Leaving out the images, transcribe every record below exactly.

========================================================================

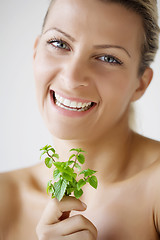 Image showing female with fresh herbs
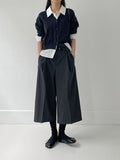 Stripe Non-Obi Bermuda Slacks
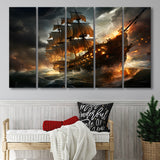 Big Pirate Ship Burned 5 Panels B Canvas Prints Wall Art Home Decor, Extra Large Canvas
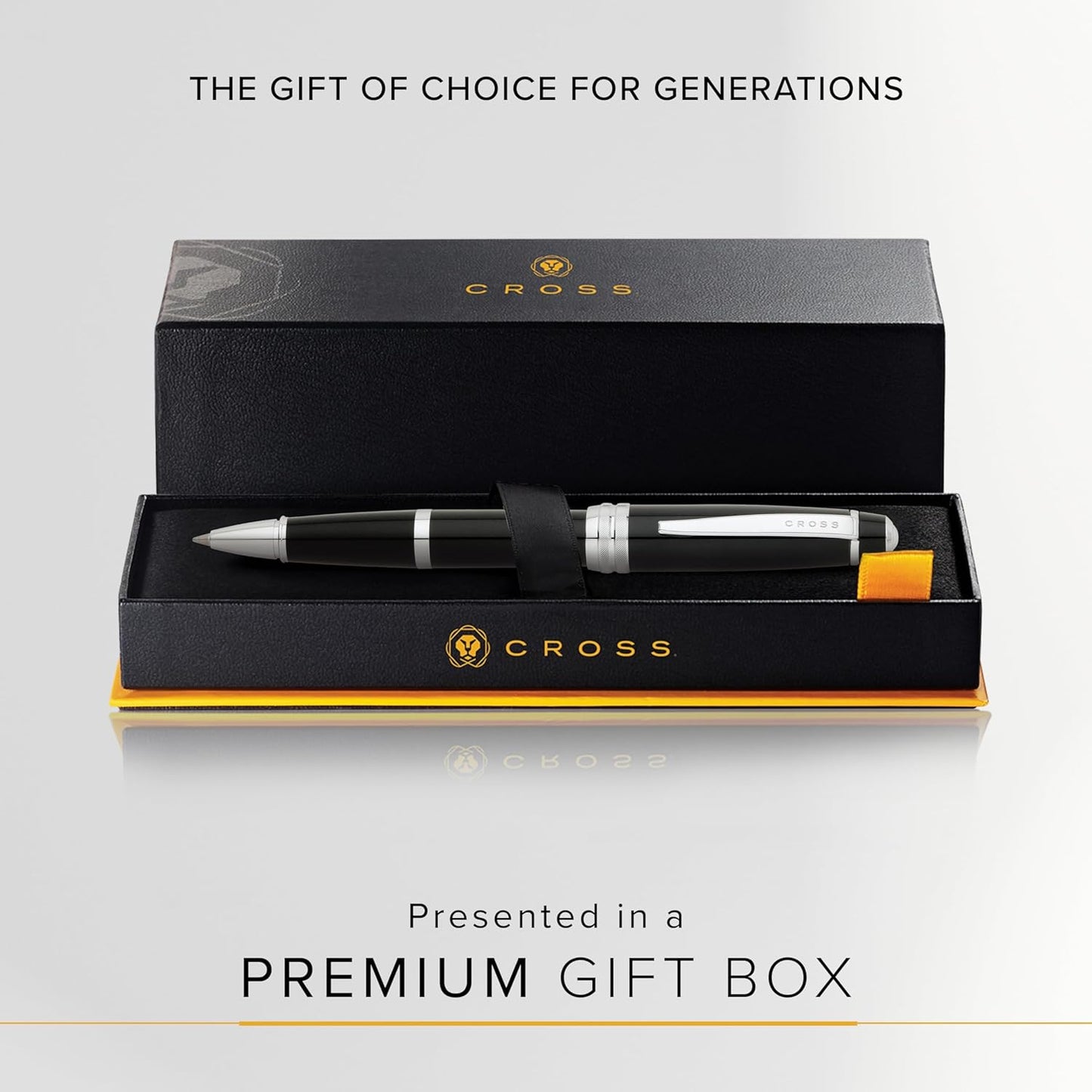 Cross Bailey Refillable Rollerball Pen Presented in a Premium Gift Box - Medium Point, Black Ink, Black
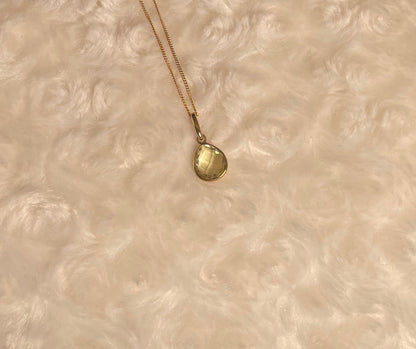 9ct Yellow Gold Pear Shaped Pineapple Cut Lemon Quartz Pendant Necklace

========================================================================

■ TASK SOLUTION:
 Image showing female with fresh herbs
 Stripe Non-Obi Bermuda Slacks
 Big Pirate Ship Burned 5 Panels B Canvas Prints Wall Art Home Decor, Extra Large Canvas
 Cross Bailey Refillable Rollerball Pen Presented in a Premium Gift Box - Medium Point, Black Ink, Black
 9ct Yellow Gold Pear Shaped Pineapple Cut Lemon Quartz Pendant Necklace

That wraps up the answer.